* **WORK INSTRUCTION**: Leave out the images and return all the data word for word.

* **MATERIAL PROVIDED**:
>>>

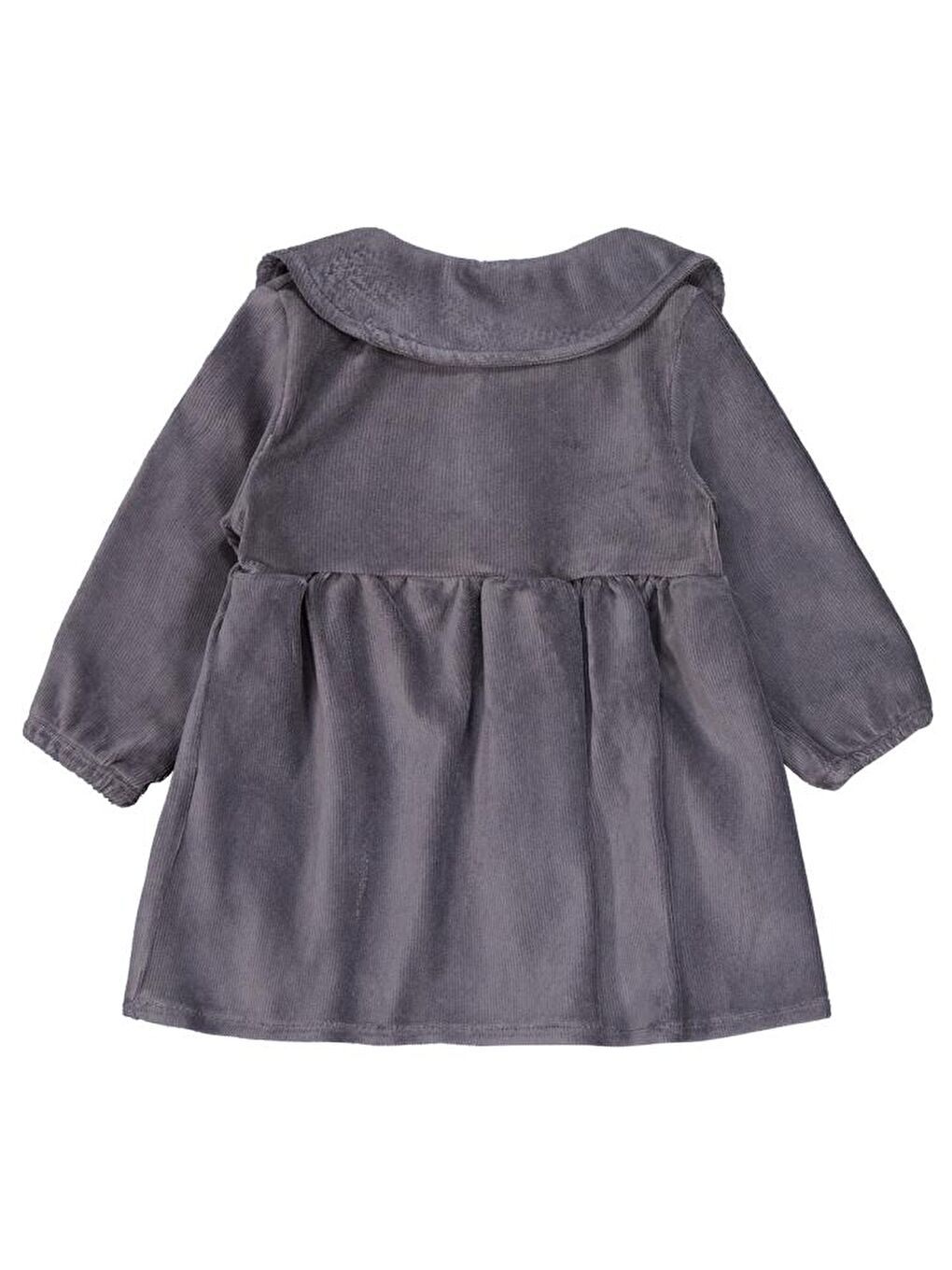 Baby Düğme Detaylı 6-18 Ay Elbise - Gri 18-24 Ay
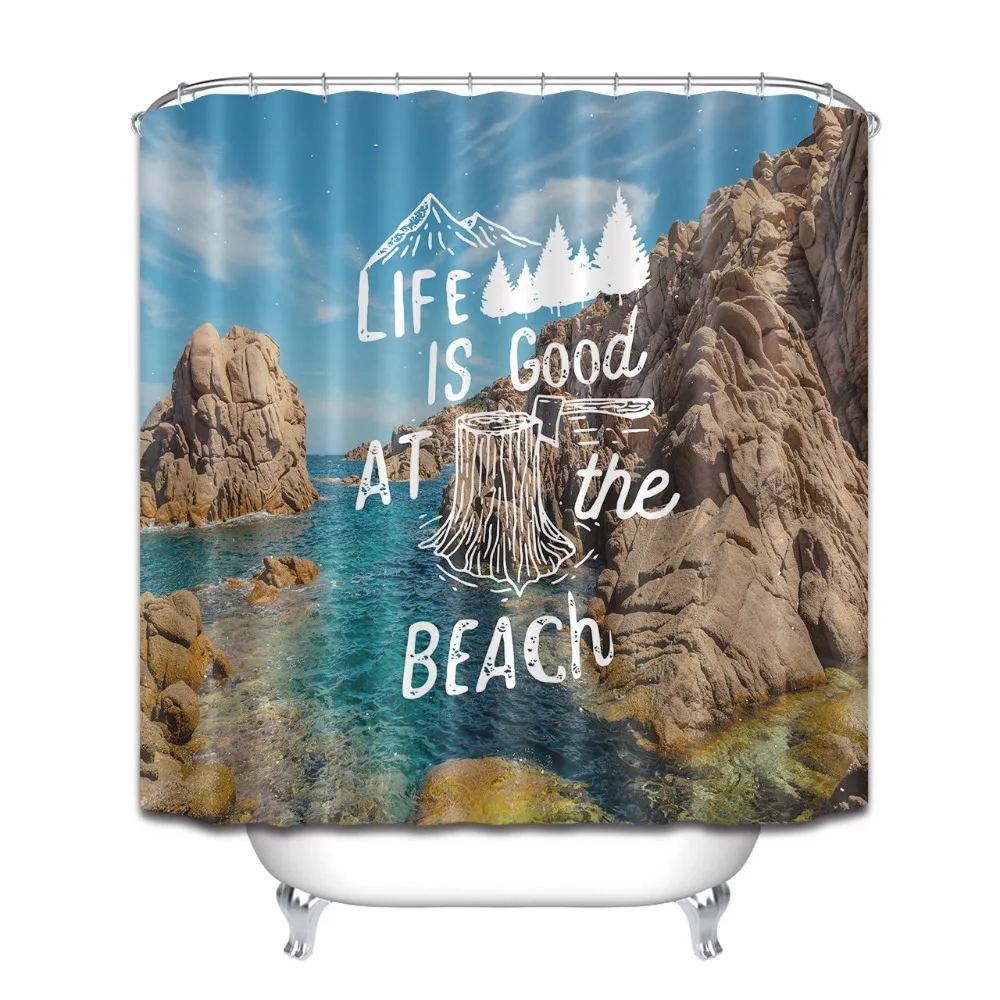 

72'' Bathroom Waterproof Fabric Shower Curtain Polyester 12 Hooks Bath Accessory Sets Life Is Good On The Beach Sea Bay Mountain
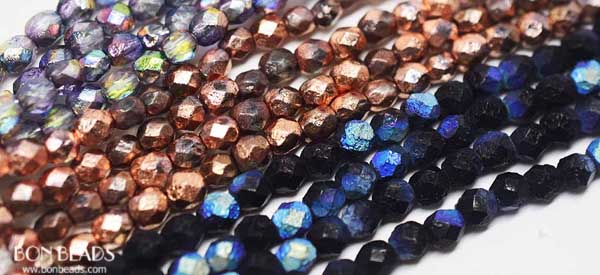 6mm round fire polished new etched colors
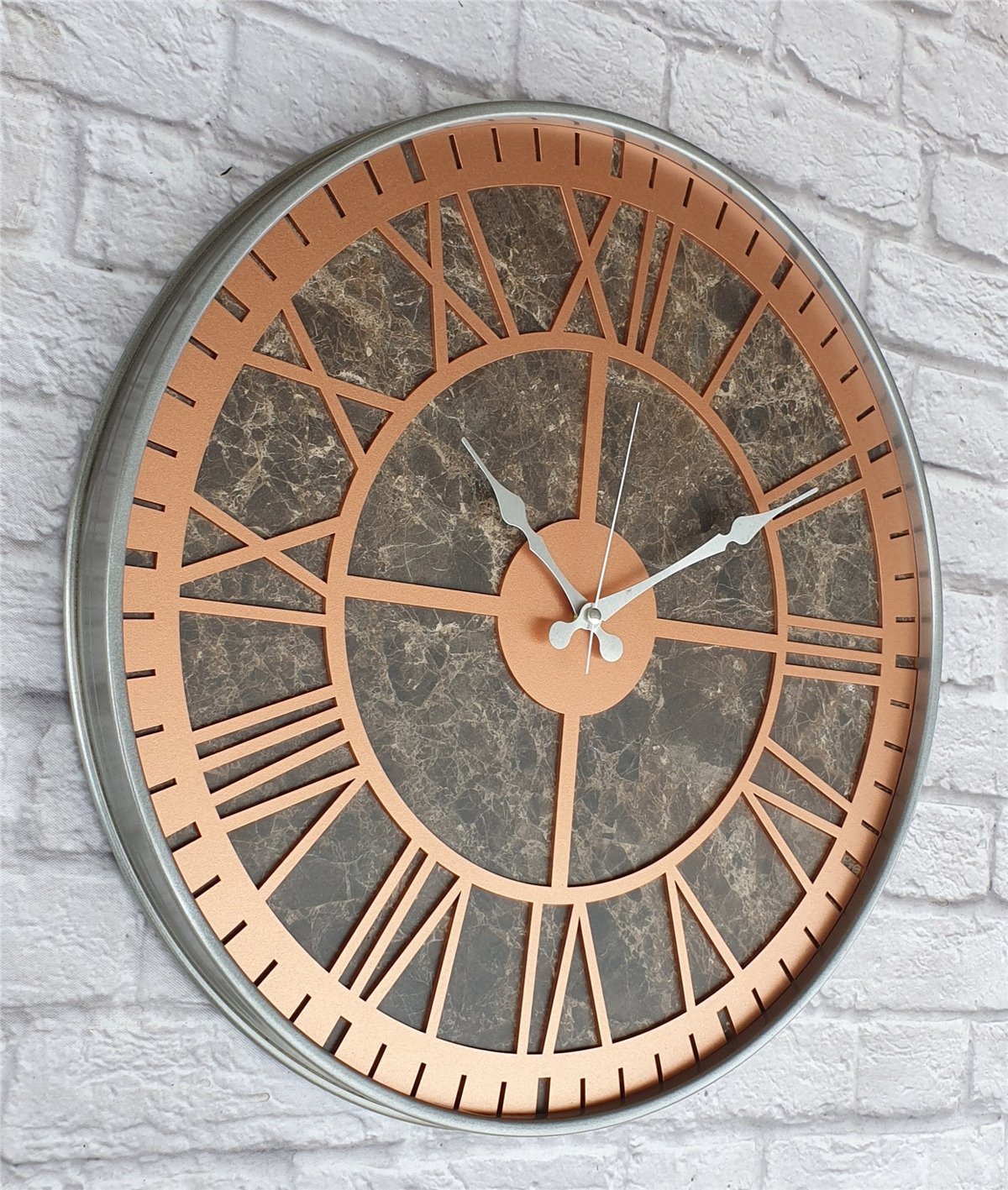Markakanvas Gri  Metal Kasalı Mermer Desenli  Duvar Saati  ( Çap 50 cm -Çap 80 cm )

<<<

* **EXPECTED ANSWER**:
 Baby Düğme Detaylı 6-18 Ay Elbise - Gri 18-24 Ay

72'' Bathroom Waterproof Fabric Shower Curtain Polyester 12 Hooks Bath Accessory Sets Life Is Good On The Beach Sea Bay Mountain
 6mm round fire polished new etched colors
Markakanvas Gri  Metal Kasalı Mermer Desenli  Duvar Saati  ( Çap 50 cm -Çap 80 cm )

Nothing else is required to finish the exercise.